Inconsistent div location on two pages

I am working on a website where the background is a drawing and the “header” is on the right side of the page, as it would be in a drawing for this company. The top of the div containing the company information is located slightly differently between two pages (I checked Chrome, IE 8 and Firefox), and I cannot find any difference in the code between the two pages. I am sure I am missing something obvious, but I am going crosseyed trying to find it. I am hoping someone here can take a look and quickly pick up what I am missing. I also went to chrome and used ‘inspect element’, but still could not find any difference between the two pages in the way the div is positioned. The div in question is on the top right of the page and its id is ‘header-name’.

The two pages are:

home page

and

philosophy page

I have a busy day mostly out of the office, so if you have questions my apologies if I don’t respond right away.

Thanks!

Hi GALJohnson! Welcome to SitePoint. :slight_smile:

I think the negative margin here is causing your grief:

#container {
  font-family: "Californian FB","Times New Roman",Times;
  font-size: 11pt;
  [COLOR="Red"]margin-bottom: -9px;[/COLOR]
}

Is there any reason for it? I’d just remove it. If it has a purpose, there will no doubt be a better solution.
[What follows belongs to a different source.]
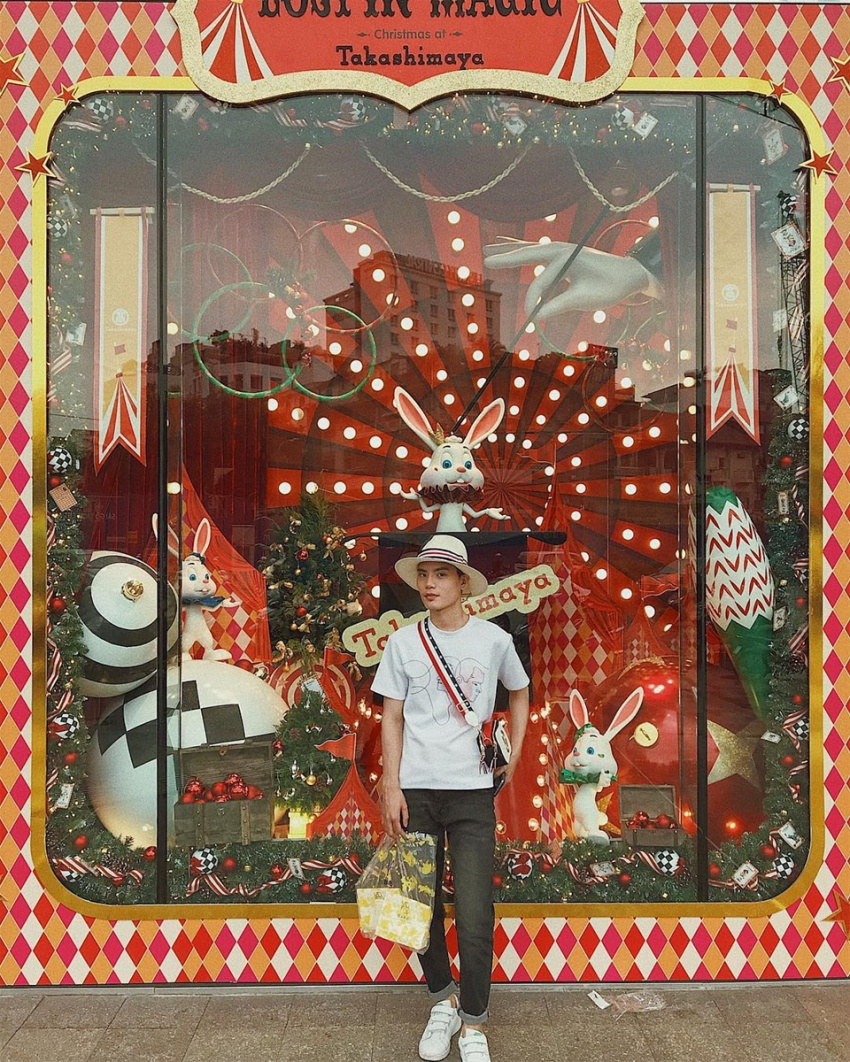Đi hết 4 trung tâm thương mại ở Sài Gòn cho bộ ảnh Giáng sinh “cực chất”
Thanks for identifying that as the problem - but I’m still not sure why that was causing the problem. Unless I am still missing something, that was present for both pages (since it came from the css), and the content should have been the same on both pages, and when I looked I couldn’t see any difference - almost all of the content is coming from a common template.

So how did you identify that as the problem, if you don’t mind sharing?

thanks!

The difference is caused by id=“content_main” which exists in one of the pages and not in the other. It is absolutely positioned and has no impact on the flow.

In the other page you have div with some breaks in them which follow floated content and therefore it’s background rises up to meet #container and soaks the negative margin up that you placed on #container.

The other page has no such static content and the negative margin hits the right floated element instead.

Be careful with multiple floated elements like that. If you want a side column then just float one column and then stack the content inside otherwise some browsers won’t allow elements to rise pass a series of floats unless there are no gaps between them.